Now, if you are an admin then of course, its unsurprising you're having issues keeping things in check with those "750 DELLs" and "mac Fleet" what with your college,
blog ("content central." and sweet Tokelau domain name, brah) and
development company (lawl.)
Now, the most ironic part of this post was how out of date the (now defunct) SGI references were... and that (the company that bought and used it for its IP) SGI now makes x86 blades and rack minicomputers that run not only SUSE or Redhat (sorry, no OSX support) but
Windows too. Up to 2048 cores.
So you could run a few racks in the basement for a
shared memory system with processor blades, install a retail WS08DC r2 and have a machine workstation that could literally decimate any known OSX workstation in any threaded task.
Oh.. and IRIX died about 5 years ago. Don't worry though... I didn't know **** back in college either (although,fwiw, I had been coding 3 kinds of assembler before you were born, by the time I was 12.)
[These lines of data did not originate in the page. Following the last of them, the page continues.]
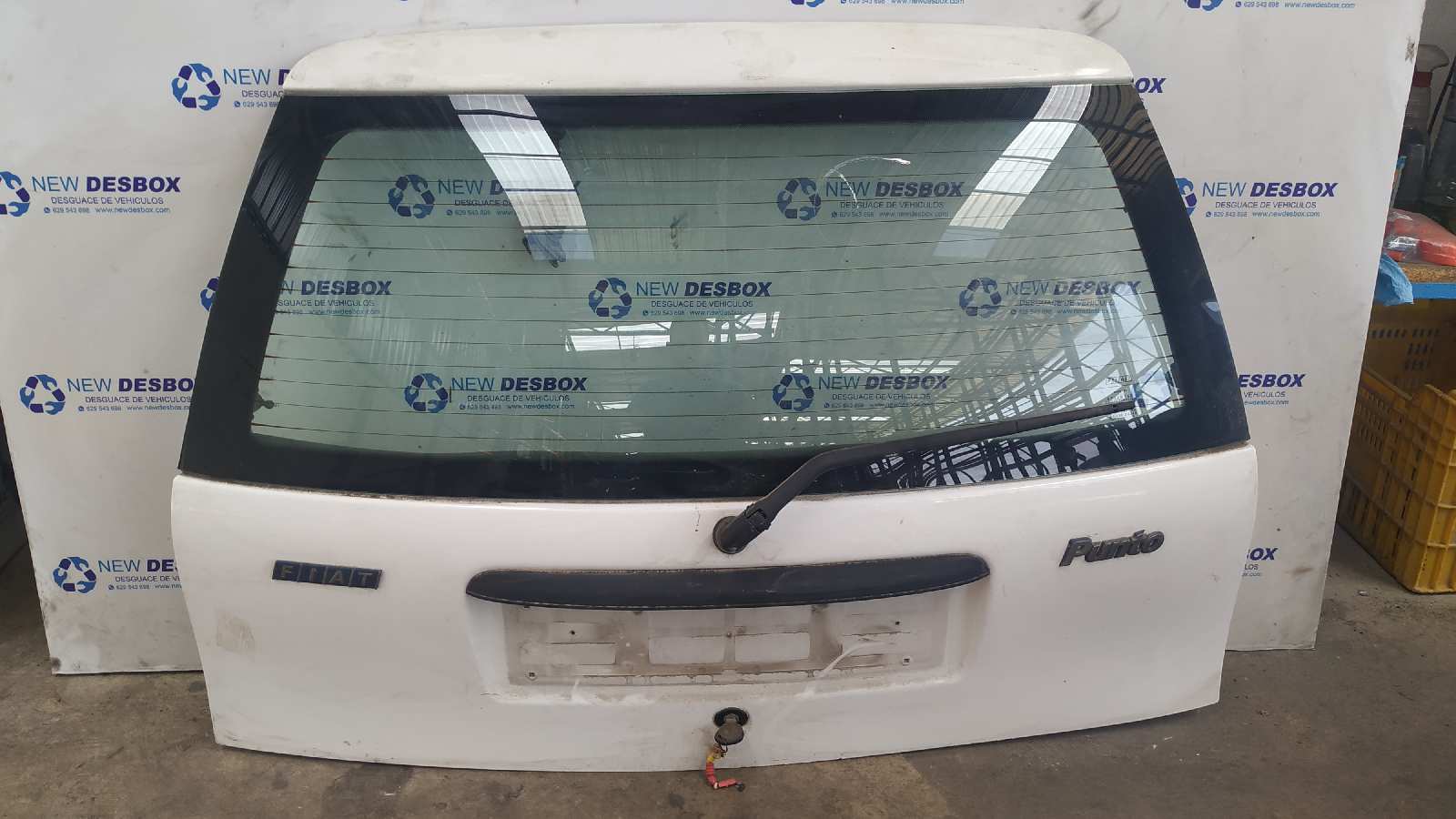 PORTON TRASERO FIAT PUNTO BERL. (176)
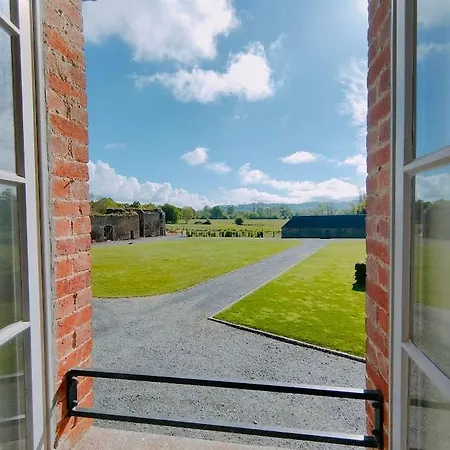 Domaine Du Manoir De Vains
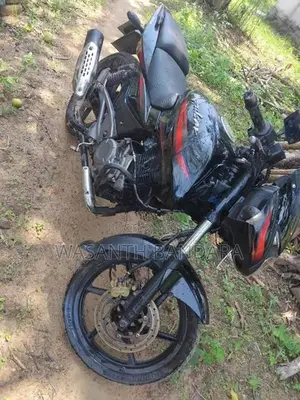 Bajaj Pulsar 180 2017
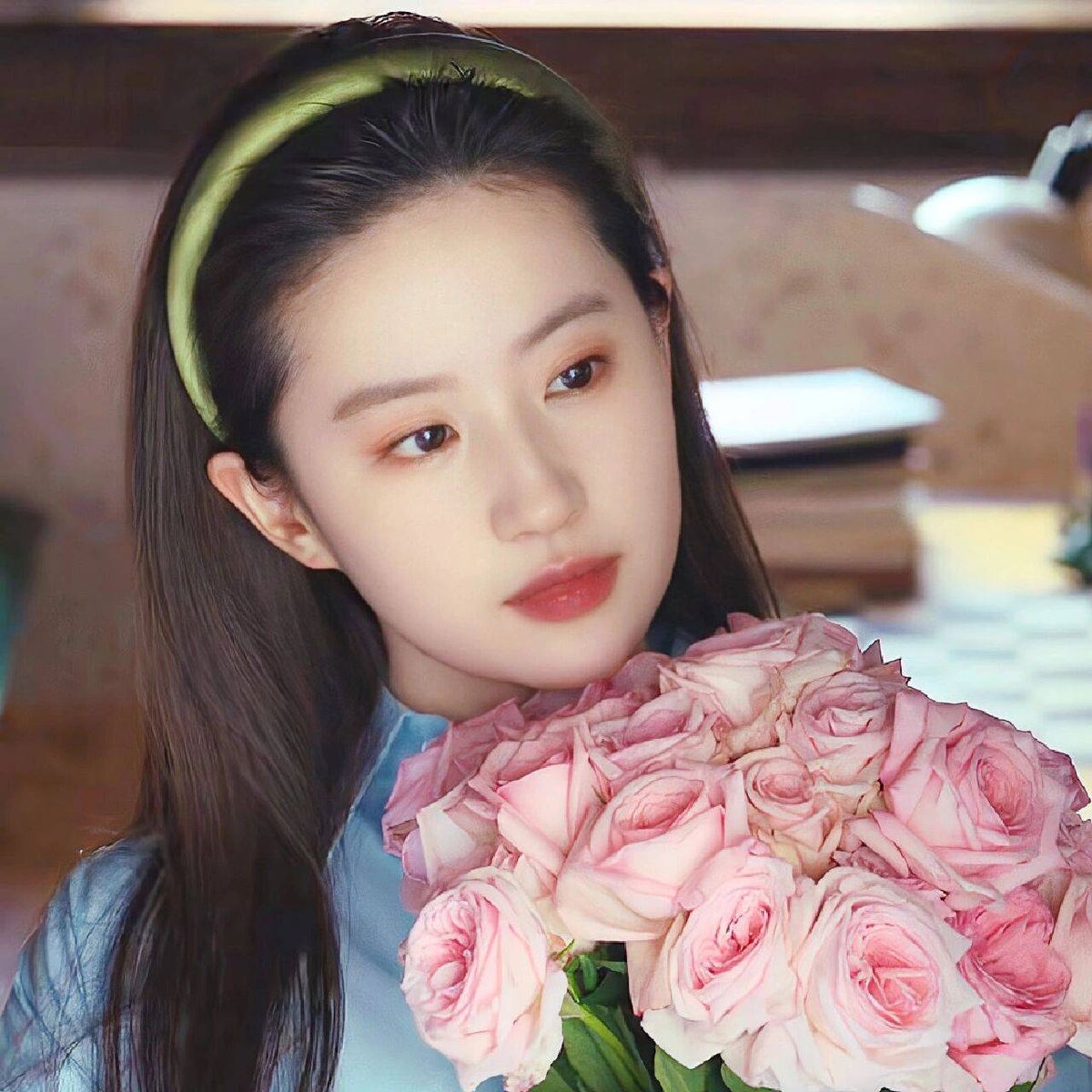 Bìa truyện Ngày Cưới, Cô Dâu Bắt Tôi Hóa Thành Lưu Diệc Phi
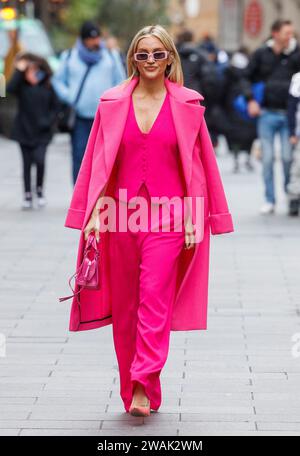 London, Großbritannien. Januar 2024. Ashley Roberts verlässt Global Radio, nachdem sie ihre Show Heart Breakfast Radio präsentiert hat. Quelle: Mark Thomas/Alamy Live News Stockfoto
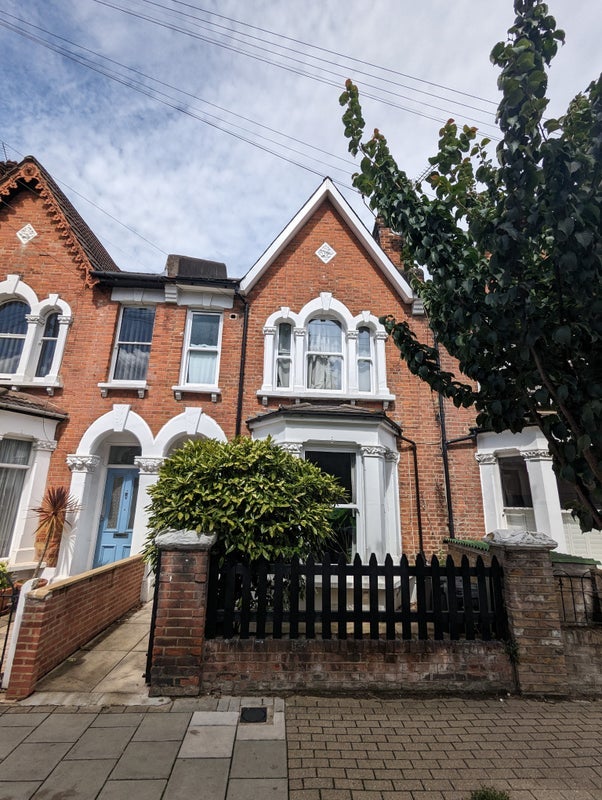 House Summerley Street in Greater London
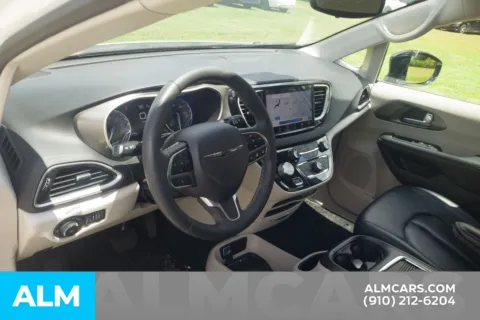 More photos of 2024 Chrysler Pacifica Touring L at ALM Hyundai Lumberton, NC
1) I was a paid IT Technician for my sixth form college for 2 years, if you want proof Im sure I can find some for you. I finished there when I moved to uni.
2) I have an SGI Fuel. I like IRIX 6.5.30 It didnt die 5 years ago, they just stopped selling machines with it on it 5 years ago, and stopped development then. It has some really nice software, and I like the UI, then again I still use OS9 for some software (th0nk 0+2). And IRIX is still supported until 2013 - its hardly dead.
3) There were 5 of us managing a deployment of 750 DELLS and 150 Macs (iMacs - some white, some 20" Alu) - In a college of 2000 pupills across years 12 and 13 (Grades 11 and 12 in American) - I was the evening support tech, and worked over the summer upgrading and maintaining the network while a language school rented the school. - The software was required by the college, it wasn't our choice, it was a county level decision, and it crashed the machines regularly (It was a SIMS tool based on MS Access and SQL Server 2005 - and since it had to run on every machine at logon, so students could self-certify their absences before waiting approval from a tutor, it made logging in incredibly slow, and it caused all kinds of havoc). My experience in said environment was that the DELLs had a much higher software failiure rate than the Imacs. I didnt have purchasing power over the software, if I did we wouldve been using a properly done web-based system for certifying abscences from the start, and would actually assess departments needs instead of throwing OptiPlex 3xx series machines at them randomly, which is what happened.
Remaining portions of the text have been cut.